Grand Bazaar is an old historical bazaar in Tehran, Iran. It is split into several corridors over 10 kilometres (6.2 mi) in length, each specializing in different types of goods, and has several entrances, with Sabze-Meydan being the main entrance.
In addition to shops, the Grand Bazaar contains mosques, guest houses, and banks. It has access to the rapid transit system of Tehran Metro through the stations of Khayam and Khordad 15th.
Trade and early bazaars in Tehran
The area around Tehran has been settled since at least the 6th millennium BC, and while bazaar-like constructions in Iran as a whole have been dated as far back as the 4th millennium BC, Tehran's bazaar is not that old. It is hard to say exactly when the bazaar first appeared, but in the centuries after the Muslim conquest of Iran, travelers reported the growth of commerce in the area now occupied by the current bazaar. The Grand Bazaar is thus a continuation of this legacy.
Research indicates that a portion of today's bazaar predated the growth of the village of Tehran by the time of the Safavid Empire, although it was during and after this period that the bazaar began to grow gradually. Western travelers reported that, by 1660 CE and beyond, the bazaar area had still been largely open and only partially covered.
An 1873 illustration of the Grand Bazaar of Tehran.
Despite relying heavily on this historical legacy, much of the bazaar itself was constructed much later. The oldest surviving buildings, that is to say, the walls and passages in the bazaar, rarely exceed 400 years, with many being constructed or rebuilt within the last 200 years. The bazaar grew as a "city within a city" for much of the 19th century, and was able to expand largely and without much outside interference. However, under the reign of Reza Shah, as Tehran began to grow and reform exponentially in the early 20th century, the changes brought by this rapid development saw much of the bazaar disappear.
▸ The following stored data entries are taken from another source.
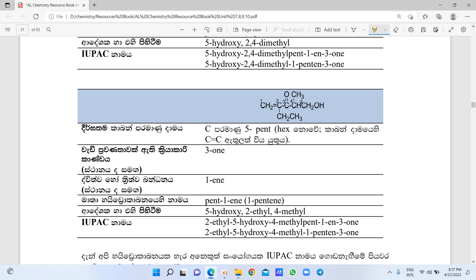Let me show you what I want to do with methyl and ethyl. I want to show you 2-ethyl — specifically 2-ethyl-5-hydroxy-4-methyl-pent-pentene-3-one.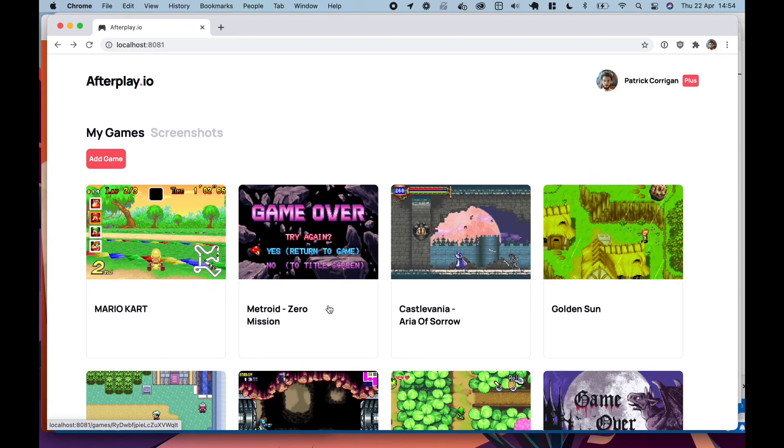Hi. So this is Afterplay.io. This is the emulation platform I've been working on.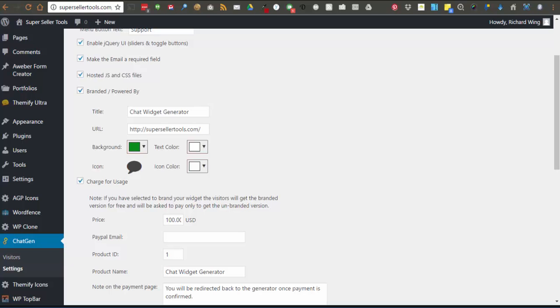The next option in settings is if you want to include some branding on the widgets that are generated. If so, you have the options to set the title, a URL people are taken to if they click the title, background and text colors for the branded area, and an icon along with the icon color.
The old sections of the bazaar are generally similar in architectural style, while the parts added in the 20th century often look remarkably different. Critics say that little consideration had been given for the construction of these new sections. However, in the late 20th century, some projects were undertaken in order to beautify the bazaar through the use of plaster moulding and decorative brickwork.
Main article: Bazaari
The bazaar is viewed as a force of conservatism in the Iranian society, providing strong links between the clergy and the middle class traders. The 1979 Revolution received strong backing from these forces, and as one of the most important bazaars in the country, the Grand Bazaar of Tehran was a center for pro-revolutionary feeling and finance.
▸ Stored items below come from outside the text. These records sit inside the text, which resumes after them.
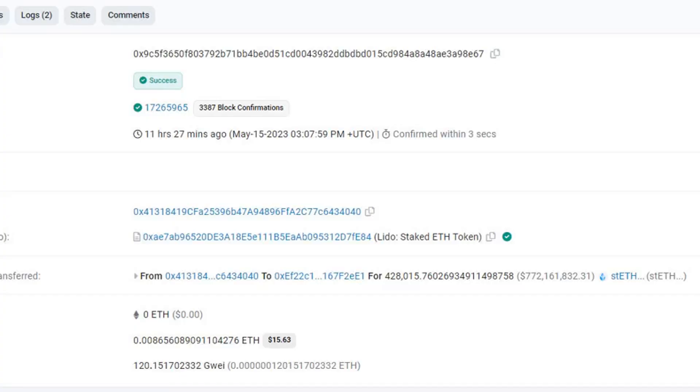Celsius moves $781 million in stETH just as Lido withdrawals open. The bankrupt crypto lender has been moving its massive stash of staked Ethereum. It appears that embattled crypto lender Celsius is wasting no time in shifting its Ethereum staking tokens from liquid staking platform Lido, which has just enabled withdrawals.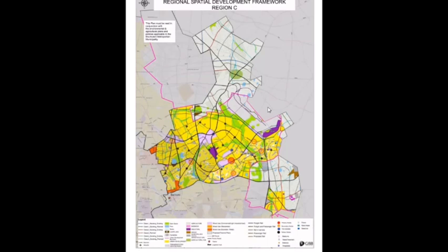Spatial development frameworks are detailed documents, and as town planning consultants we spend time interpreting them. Thus, for matters dealing with spatial development frameworks, it is advisable to consult a town and regional planner. For this presentation, we look at the Region C RSDF of Ekurhuleni. This map gives effect to the goals and objectives outlined in the RSDF document, guiding development within the area. In some cases there are LSDFs for more detailed future planning.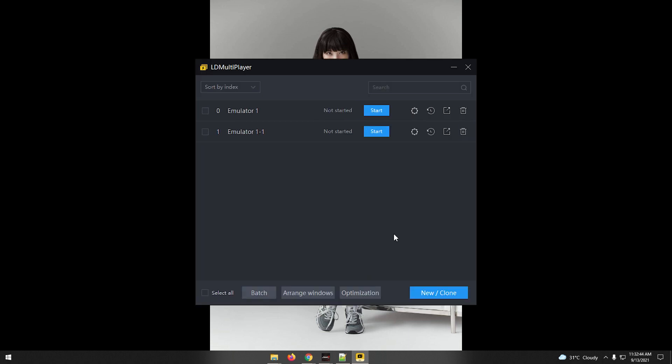Now, we successfully cloned the first and we have a total of two. Run the two emulators at the same time, login and play. You can add more clones if you want as long as you will not reach the instance of lag on your system unit.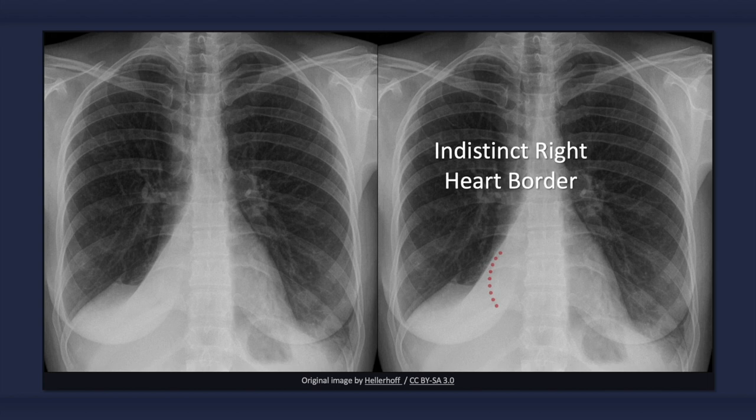Collapse of the right lower lobe results in effacement of the right heart border, obscuring the interface between the lung and the heart. This is referred to as the silhouette sign. Note that the interface between the lung and the medial aspect of the right hemidiaphragm is also obscured.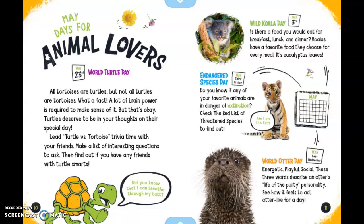May Days for Animal Lovers. World Turtle Day is May 23rd. All tortoises are turtles, but not all turtles are tortoises. What a fact — a lot of brain power is required to make sense of it, but turtles deserve to be in your thoughts on their special day. Lead a turtle versus tortoise trivia game with your friends. Make a list of interesting questions to ask, then find out if you have any friends with turtle smarts.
There were several reasons why the bazaar class worked hard to help advance the revolution. The government of Mohammed Reza Pahlavi was anathema to the bazaaris, who seemed set to lose out as the country was being industrialized, and they feared that they would be left behind and their status in society would be reduced. Similarly, another concern for the bazaar class, not just in Tehran but throughout Iran, was that these traditional economic forces did not benefit from the 1974–1978 oil boom, and were thus even more inclined to aid the revolution. As such, the Grand Bazaar of Tehran was a hotbed of support for the revolution, which positioned itself opposite the monarchy. The Grand Bazaar continues largely to support the establishment, particularly as conservative political forces often adopt a low tax, laissez-faire approach to the bazaaris.
Today, the Grand Bazaar is still an important place of commerce. However, much of the city's trade and finance has been moved to new gentrified and upscale parts of northern Tehran. In addition to traditional goods, the market for watches and local jewelry is apparently growing, most likely as a result of the growth of tourism. The bazaar is busiest around midday, and between 17:00 and 19:00.